Top of Extracted information

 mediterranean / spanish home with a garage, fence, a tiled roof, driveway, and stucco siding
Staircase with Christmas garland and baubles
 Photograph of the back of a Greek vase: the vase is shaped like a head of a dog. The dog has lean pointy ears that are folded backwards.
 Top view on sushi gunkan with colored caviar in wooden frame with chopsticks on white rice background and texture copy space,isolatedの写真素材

Bottom of Extracted information
Top of Extracted information

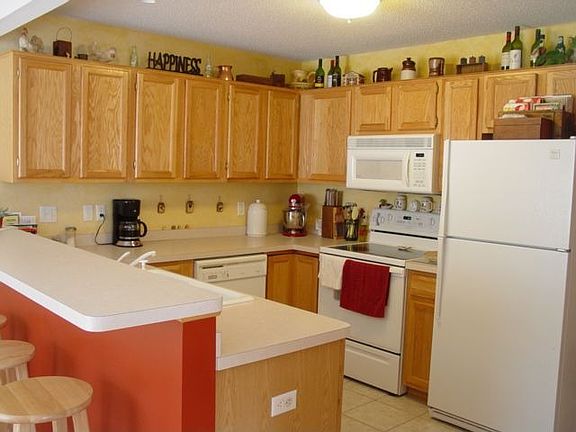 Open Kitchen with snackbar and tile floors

Bottom of Extracted information
Top of Extracted information

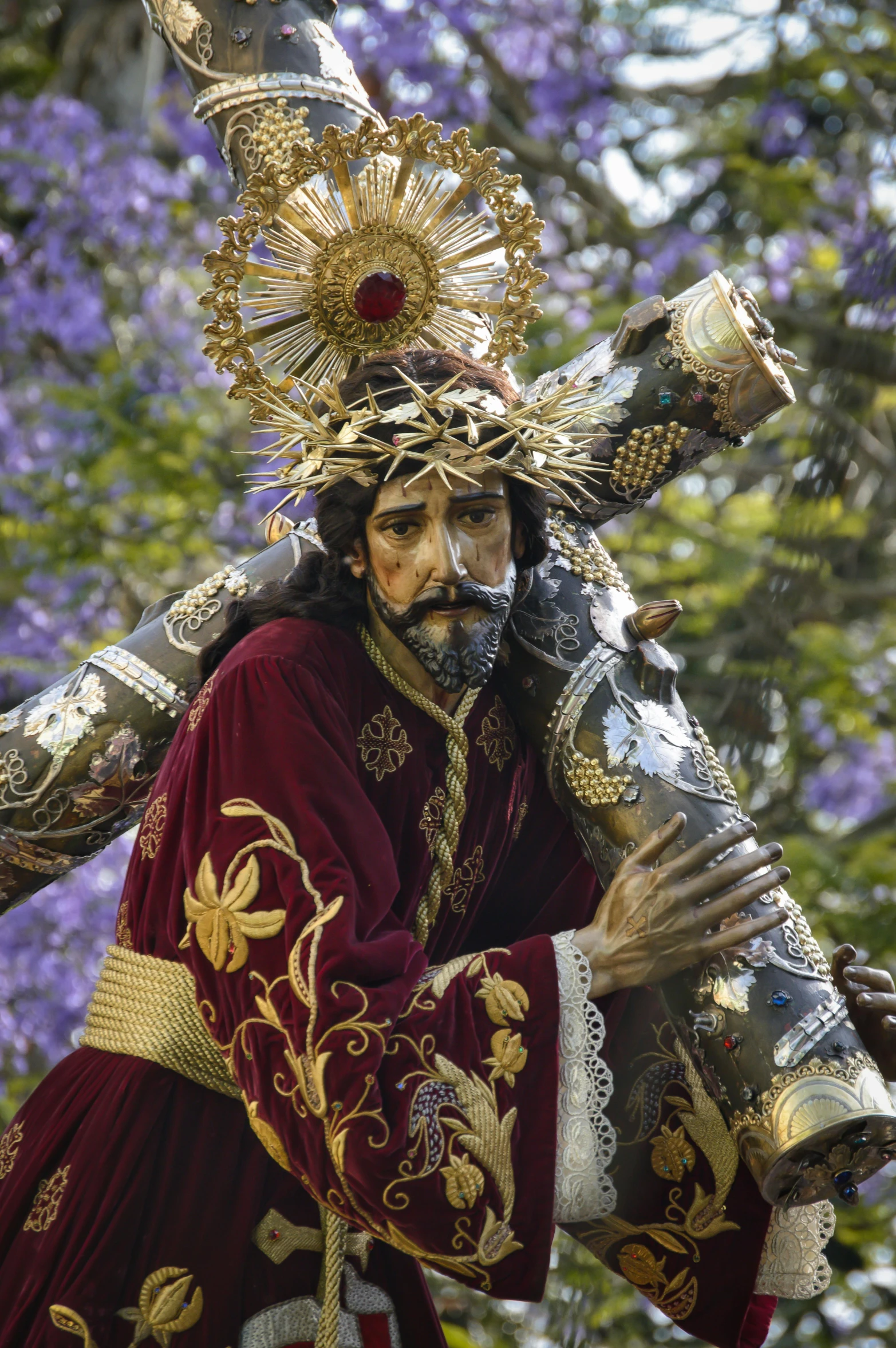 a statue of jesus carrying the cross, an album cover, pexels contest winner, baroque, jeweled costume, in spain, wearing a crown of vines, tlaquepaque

Bottom of Extracted information

* _Exercise aim_: What are the lines, exactly as written above, from the line with "Staircase with Christmas garland and baubles" to the line with "Top view on", both included? Output only those.

* _Written response_:
Staircase with Christmas garland and baubles
 Photograph of the back of a Greek vase: the vase is shaped like a head of a dog. The dog has lean pointy ears that are folded backwards.
 Top view on sushi gunkan with colored caviar in wooden frame with chopsticks on white rice background and texture copy space,isolatedの写真素材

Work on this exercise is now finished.